DBMS-Data Models
Data Models
A data
model is a picture or description which shows how the data is to be arranged to
achieve a given task.
It is a
clear model which specifies how the data items are arranged in a given model.
Some data
models which gives a clear picture which shows the manner in which the data
records are connected or related within a file structure. These are called
structural data models.
DBMS
organize and structure data so that it can be retrieved and manipulated by
different users and application programs
The data
structures and access techniques provided by a particular DBMS are called its
data model.
Types Of Data Models:
1)Hierarchical
databases model
2)Network
databases model
3)Relational
databases model
4) Object
oriented databases model
Hierarchical databases model:
Hierarchical
Databases is most commonly used with mainframe systems.
It is one
of the oldest methods of organizing and storing data and it is still used by
some organizations for making travel reservations.
A
hierarchical database is organized in pyramid fashion, like the branches of a
tree extending downwards.
In this
model, related fields or records are grouped together so that there are
higher-level records and lower-level records, just like the parents in a family
tree sit above the subordinated children.
Based on
this analogy, the parent record at the top of the pyramid is called the root
record.
Network databases model:
Network
databases are similar to hierarchical databases by also having a hierarchical
structure. There are a few key differences, however.
Instead of
looking like an upside-down tree, a network database looks more like a cobweb
or interconnected network of records. In network databases, children are called
members and parents are called owners. The most important difference is that
each child or member can have more than one parent (or owner).
Similar to
hierarchical databases, network databases are principally used on mainframe
computers.
Since more
connections can be made between different types of data, network databases are
considered more flexible. However, two limitations must be considered when
using this kind of database.
Similar to
hierarchical databases, network databases must be defined in advance. There is
also a limit to the number of connections that can be made between records.
Relational databases Model
:
Pre-relational
models depended upon being able to determine explicitly where and how
individual records were stored.
Early
relational proponents argued that the relational data model viewed information
logically rather than physically, but this is not quite correct.
Earlier
data models associated the logical and physical aspects of information
together; logically-related information was stored in physical proximity within
a data file. The relational data model first separated the logical from the
physical aspects.
The
relational data model looks at information as an unordered collection of
"relations."
Each
relation is populated with unordered "tuples" of the same unordered
"field" structure.
Fields may
only contain values of a well-defined ("atomic") domain or the null
value. The unordered aspect needs to be emphasized. For expository purposes,
relations are often viewed as "tables".
The tuples
constitute the "rows" of the table; values for a specific field
constitute "columns". However, the "table data model" tends
to impose a very non-relational ordering on both tuples and fields. Relations
are an abstraction of how data is stored; tables are just one of many possible
implementations.
There is a strong tendency to refer to an
individual tuple/row as a "record" because collections of fields in
other models are called records. "Attribute" is often used
synonymously with field.
To be
sure, "unordered" implies neither "chaotic" nor
"random". Relations and Fields are named uniquely and identified
easily. Distinguishing between tuples is more subtle since the order is not
pre-defined.
Rather
than depending upon relative (as in hierarchy) or absolute (as in network)

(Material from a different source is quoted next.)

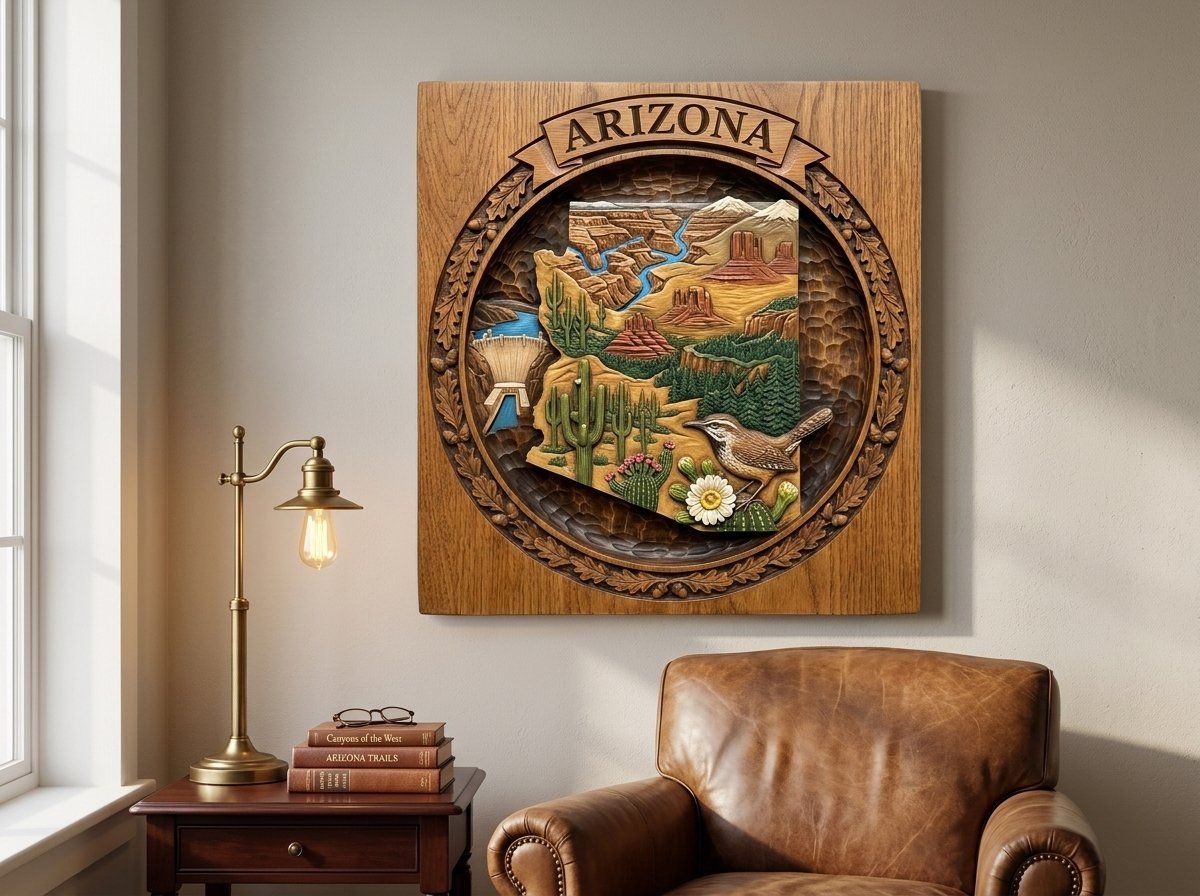 Arizona State Map Grand Canyon CNC Relief STL bas-relief STL — view 13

locations, tuples may only be differentiated according to their contents.
Consequently,
duplicate tuples are not permitted within a single relation. Even more
strongly, distinct tuples must have a unique "key" (some combination
of a relation's named fields).
The set of
minimal keys includes one "primary key"; the rest are "candidate
keys". Within a tuple, references to other tuples are expressed as a
"foreign key," which should contain the values of the referenced
tuple's primary key.
Relational
theory provides a firm mathematical foundation for data management. Set theory
could be applied to relations using relational algebraic operations (union,
intersection, join, projection, etc.).
Object oriented databases
A data
model is a logic organization of the real world objects (entities), constraints
on them, and the relationships among objects. A DB language is a concrete
syntax for a data model. A DB system implements a data model
A core
object-oriented data model consists of the following basic object-oriented
concepts:
1)Object and object
identifier:
Any real
world entity is uniformly modeled as an object (associated with a unique id:
used to pinpoint an object to retrieve)
2) attributes and
methods:
Here every
object has a state (the set of values for the attributes of the object) and a
behavior (the set of methods - program code - which operate on the state of the
object). The state and behavior encapsulated in an object are accessed or
invoked from outside the object only through explicit message passing.

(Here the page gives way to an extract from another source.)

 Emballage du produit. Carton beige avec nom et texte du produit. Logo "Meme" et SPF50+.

An attribute is an instance variable, whose
domain may be any class: user-defined or primitive. A class composition
hierarchy (aggregation relationship) is orthogonal to the concept of a class
hierarchy. The link in a class composition hierarchy may form cycles.
3) class:
a means of
grouping all the objects which share the same set of attributes and methods. An
object must belong to only one class as an instance of that class (instance-of
relationship). A class is similar to an abstract data type. A class may also be
primitive (no attributes), e.g., integer, string, Boolean
4) Class hierarchy and
inheritance:
derive a
new class (subclass) from an existing class (superclass). The subclass inherits
all the attributes and methods of the existing class and may have additional
attributes and methods. single inheritance (class hierarchy) vs. multiple
inheritance (class lattice).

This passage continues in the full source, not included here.